Trata-se de um pacote de medidas que inclui até um canal na internet para denúncias de postos que não estejam cumprindo a exigência determinada por decreto presidencial há uma semana. Não é possível fugir da comparação com os "fiscais do Sarney", cidadãos que denunciavam e até mesmo entravam em conflito nos mercados que reajustavam preços, quando, há 36 anos, o presidente José Sarney implantou o Plano Cruzado, que tabelava todos os preços na economia.

Com a participação de "fiscais do Bolsonaro", o presidente quer segurar os preços constrangendo distribuidores de combustíveis. "A gente vai exigir que a margem de lucro dos tanqueiros e dos donos de postos não seja majorada com a nossa diminuição de impostos", afirmou o presidente há um mês, numa entrevista a uma emissora de TV.

É pouco provável que a pressão evite novas altas nos preços do derivados se as cotações internacionais de petróleo não ajudarem e subirem. Mesmo que os preços internacionais refluam, um dólar em alta pode compensar eventual baixa na matéria-prima e comprometer a manutenção ou redução de preços. O corte de impostos, nas circunstâncias de altas no preço do petróleo ou da taxa de câmbio, pode vir a ser inócuo na bomba, embora prejudicial para o cumprimento das ações sociais do governo federal e estados.

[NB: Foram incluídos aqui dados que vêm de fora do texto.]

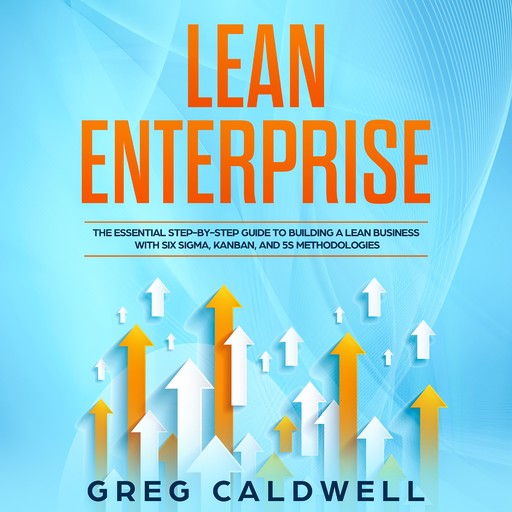 Lean Enterprise, Greg Caldwell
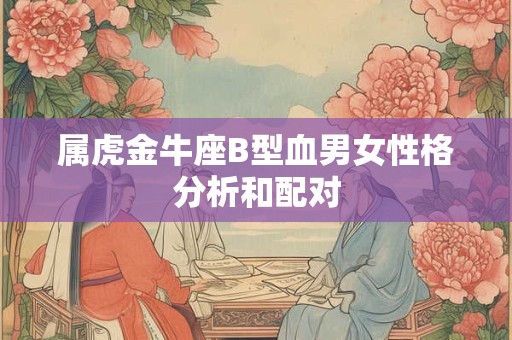 属虎金牛座B型血男女性格分析和配对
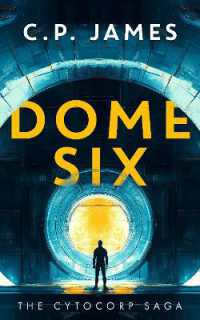 Dome Six : A Dystopian Adventure (The Cytocorp Saga)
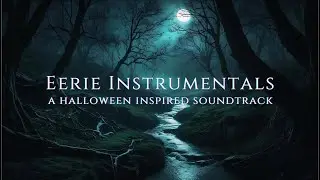 Eerie Instrumentals | Halloween Inspired | Creepy Music | Fright Night | Horror
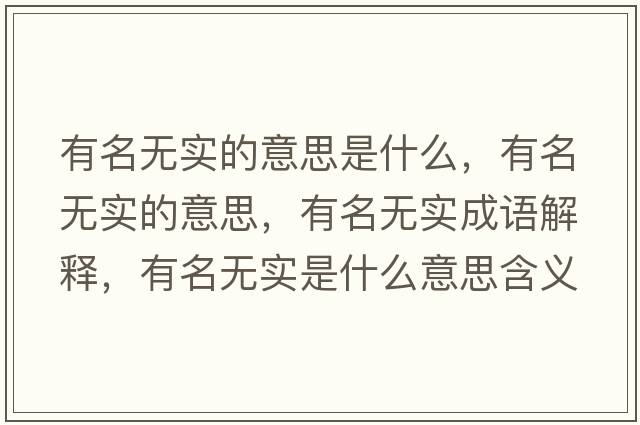 有名無實(shí)的意思是什么，有名無實(shí)的意思，有名無實(shí)成語解釋，有名無實(shí)是什么意思含義寓意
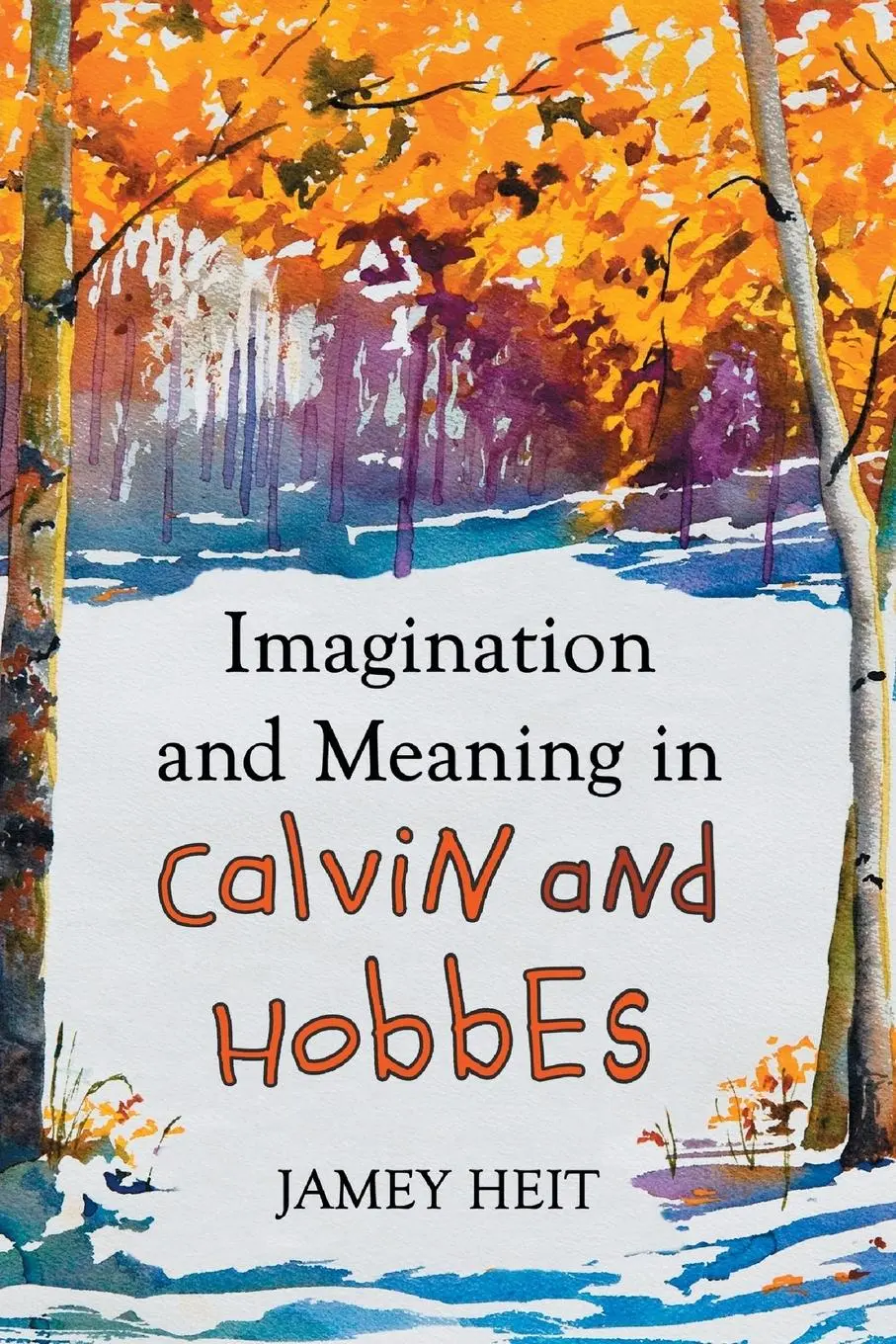 Cover: 9780786463541 | Imagination and Meaning in Calvin and Hobbes | Jamey Heit | Buch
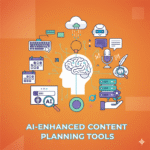 ai-enhanced-content-planning-tools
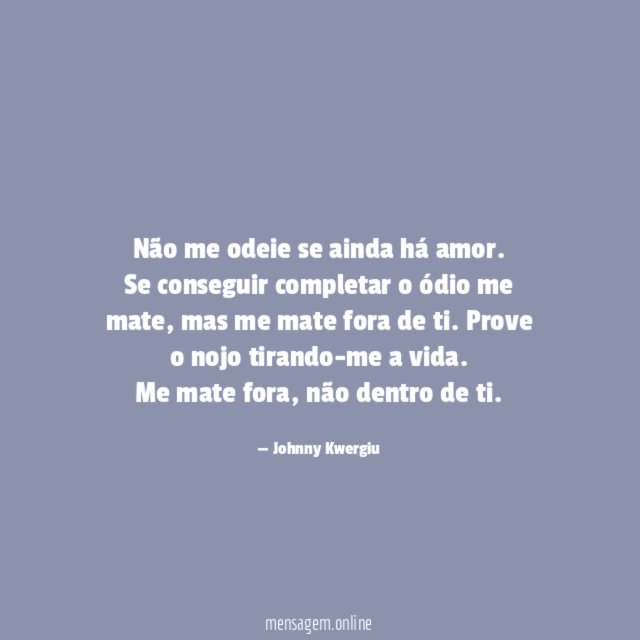 Não me odeie se ainda há amor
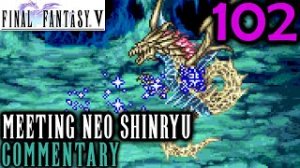 Final Fantasy V Walkthrough Part 102 - Meeting Neo Shinryu (Bonus GBA Content)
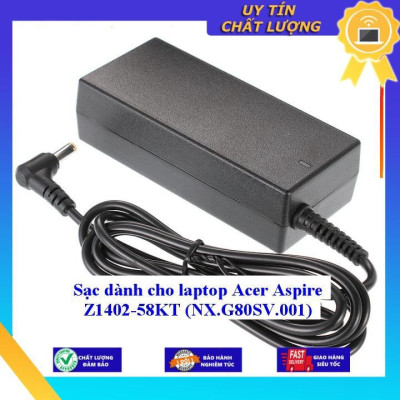 Sạc dùng cho laptop Acer Aspire Z1402-58KT (NX.G80SV.001) - Hàng Nhập Khẩu New Seal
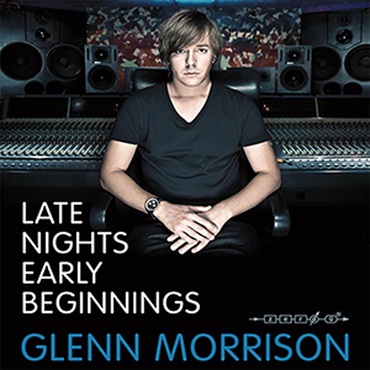 ZERO-G GLENN MORRISON - LATE NIGHTS EARLY BEGINNINGS(オンライン納品)(2時間以内に納品)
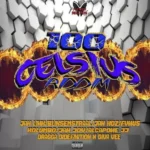 100 Celsius Riddim – Flyweh Records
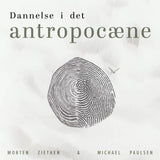 Dannelse i det antropocæne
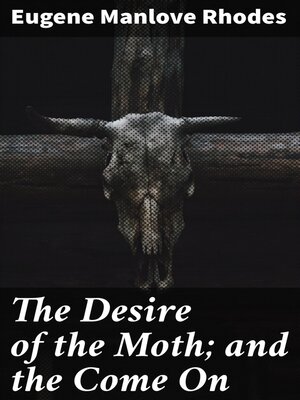cover image of The Desire of the Moth; and the Come On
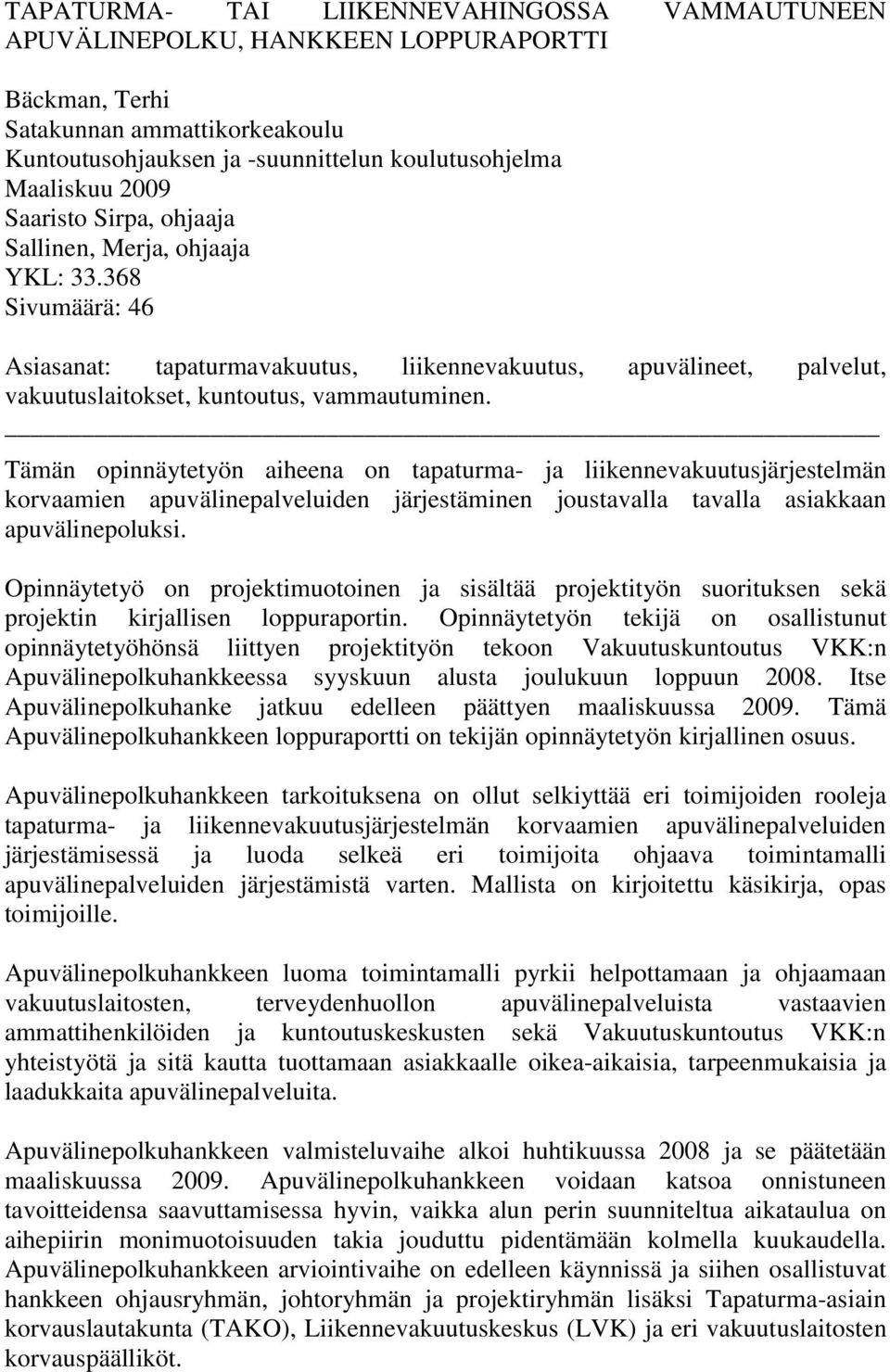 Tämän opinnäytetyön aiheena on tapaturma- ja liikennevakuutusjärjestelmän korvaamien apuvälinepalveluiden järjestäminen joustavalla tavalla asiakkaan apuvälinepoluksi.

É missão impossível fazer valer as medidas de fiscalização dos preços dos combustíveis nas bombas, completado pelo fato que o decreto que obriga a divulgar os preços em 22 de junho não prevê punição para o descumprimento da determinação. Embora o mercado de distribuição de derivados esteja hoje concentrado em poucas gigantes — Raízen, Ipiranga e Vibra (ex-BR Distribuidora) concentram o segmento —, são mais de 200 distribuidoras regionais, que operam um total de 40 mil postos, de norte a sul do país continental. Controlar qualidade dos produtos, na boca da distribuidora, o que já não é feito como deveria, é uma coisa, mas controlar preços numa cadeia de comercialização ultra-capilarizada é outra, muito mais complicada.

A política de preços praticada pela Petrobras, que determina o padrão do mercado, atrelada aos preços de importação -- ou seja, combinação da cotação internacional e da taxa do dólar -- é a causa do atual ciclo de altas dos preços dos combustíveis e, na sequência, das taxas de inflação. Sem mexer nessa política, as tentativas de conter as altas com tabelamentos, mesmo não declarados, não serão bem sucedidas e só produzirão ineficiências.

É possível que Bolsonaro não esteja preocupado com as consequências negativas do congelamento de preços disfarçado que está botando em marcha e até mesmo com o descumprimento de suas determinações. Como é igualmente patente nas medidas temporárias de cunho social que estão sendo adotadas no atropelo das regras em vigor, às vésperas da eleição, para Bolsonaro, o que importa são os ganhos eleitorais que possa obter. Mostrar que ele faz tudo para segurar preços, mas outros não deixam é o que, de fato, as medidas adotadas objetivam.

No Plano Cruzado, o tabelamento produziu desabastecimento, maquiagem de produtos (para fugir da descrição daqueles tabelados) e a formação de mercados paralelos e ilegais, dando espaço para contravenções variadas. No caso do "Plano Bolsonaro" de controle de preços dos combutívei, também são grandes os riscos, inclusive de ocorrência de conflitos com desfechos trágicos.

Mesmo fechando os olhos, é difícil fugir da evidência de uma escalada de tensão social no ambiente. A campanha pelo armamento da população, liderada por Bolsonaro, sob vistas grossas das autoridades judiciais e policiais, tem se refletido em conflitos cada vez mais violentos entre apoiadores e opositores do governo. A possibilidade de ocorrência de episódios de violência em postos de combustíveis, com a cobrança de agressiva de redução de preços por bolsonaristas, infelizmente, não pode ser descartada e deveria ser considerada com seriedade.